= Matter wave clock =

A matter wave clock is a type of clock whose principle of operation makes use of the apparent wavelike properties of matter.

Matter waves were first proposed by Louis de Broglie and are sometimes called de Broglie waves. They form a key aspect of wave–particle duality and experiments have since supported the idea. The wave associated with a particle of a given mass, such as an atom, has a defined frequency, and a change in the duration of one cycle from peak to peak that is sometimes called its Compton periodicity. Such a matter wave has the characteristics of a simple clock, in that it marks out fixed and equal intervals of time. The twins paradox arising from Albert Einstein's theory of relativity means that a moving particle will have a slightly different period from a stationary particle. Comparing two such particles allows the construction of a practical "Compton clock".

==Matter waves as clocks==
De Broglie proposed that the frequency f of a matter wave equals E/h, where E is the total energy of the particle and h is the Planck constant. For a particle at rest, the relativistic equation E=mc^{2} allows the derivation of the Compton frequency f for a stationary massive particle, equal to mc^{2}/h.

De Broglie also proposed that the wavelength λ for a moving particle was equal to h/p where p is the particle's momentum.

The period (one cycle of the wave) is equal to 1/f.
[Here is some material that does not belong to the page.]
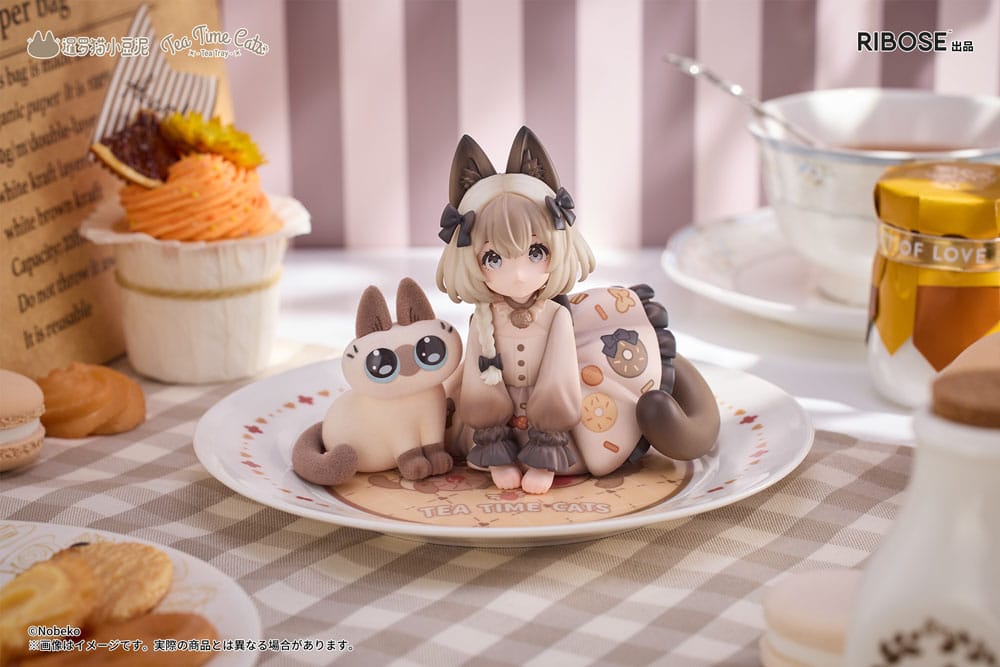 Decorated Life Collection PVC Statue Tea Time Cats x Siamese Cat Azuki-san Friendship Collaboration Exclusive Set 18 cm - Smalltinytoystore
This precise Compton periodicity of a matter wave is said to be the necessary condition for a clock, with the implication that any such matter particle may be regarded as a fundamental clock. This proposal has been referred to as "A rock is a clock."

===Applications===
In his paper, "Quantum mechanics, matter waves and moving clocks", Müller has suggested that "The description of matter waves as matter-wave clocks ... has recently been applied to tests of general relativity, matter-wave experiments, the foundations of quantum mechanics, quantum space-time decoherence, the matter wave clock/mass standard, and led to a discussion on the role of the proper time in quantum mechanics. It is generally covariant and thus well-suited for use in curved space-time, e.g., gravitational waves."

===Implications===
In his paper, "Quantum mechanics, matter waves and moving clocks", Müller has suggested that "[The model] has also given rise to a fair amount of controversy. Within the broader context of quantum mechanics ... this description has been abandoned, in part because it could not be used to derive a relativistic quantum theory, or explain spin. The descriptions that replaced the clock picture achieve these goals, but do not motivate the concepts used. ... We shall construct a ... description of matter waves as clocks. We will thus arrive at a space-time path integral that is equivalent to the Dirac equation. This derivation shows that De Broglie's matter wave theory naturally leads to particles with spin-1/2. It relates to Feynman's search for a formula for the amplitude of a path in 3+1 space and time dimensions which is equivalent to the Dirac equation. It yields a new intuitive interpretation of the propagation of a Dirac particle and reproduces all results of standard quantum mechanics, including those supposedly at odds with it. Thus, it illuminates the role of the gravitational redshift and the proper time in quantum mechanics."

===Controversy===
The theoretical idea of matter waves as clocks has caused some controversy, and has attracted strong criticism.

==Atom interferometry==
An atom interferometer uses a small difference in waves associated with two atoms to create an observable interference pattern. Conventionally these waves are associated with the electrons orbiting the atom, but the matter wave theory suggests that the wave associated with the wave–particle duality of the atom itself may alternatively be used.

An experimental device comprises two clouds of atoms, one of which is given a small "kick" from a precisely-tuned laser. This gives it a finite velocity which, according to the matter wave theory lowers its observed frequency. The two clouds are then recombined so that their differing waves interfere, and the maximum output signal is obtained when the frequency difference is an integer number of cycles.

Experiments designed around the idea of interference between matter waves (as clocks) are claimed to have provided the most accurate validation yet of the gravitational redshift predicted by general relativity. A similar atom interferometer forms the heart of the Compton clock.

However, this claimed interpretation of the interferometry function has been criticised. One criticism is that a real Compton oscillator or matter wave does not appear in the design of any actual experiment. The matter wave interpretation is also said to be flawed.

==Compton clocks==
A functional timepiece designed on the basis of matter wave interferometry is called a Compton clock.

===Principles of operation===

The frequency of the wave associated with a massive particle, such as an atom, is too high to be used directly in a practical clock and its period and wavelength are too short. A practical device makes use of the twin paradox arising from the theory of relativity, where a moving particle ages more slowly than a stationary one. The moving particle-wave therefore has a slightly lower frequency. Using interferometry, the difference or "beat frequency" between the two frequencies can be accurately measured and this beat frequency can be used as a basis for keeping time.

==Measurement of mass==
The technique used in the devices can theoretically be reversed to use time to measure mass. This has been proposed as an opportunity for replacing the platinum-iridium cylinder currently used as the 1 kg reference standard.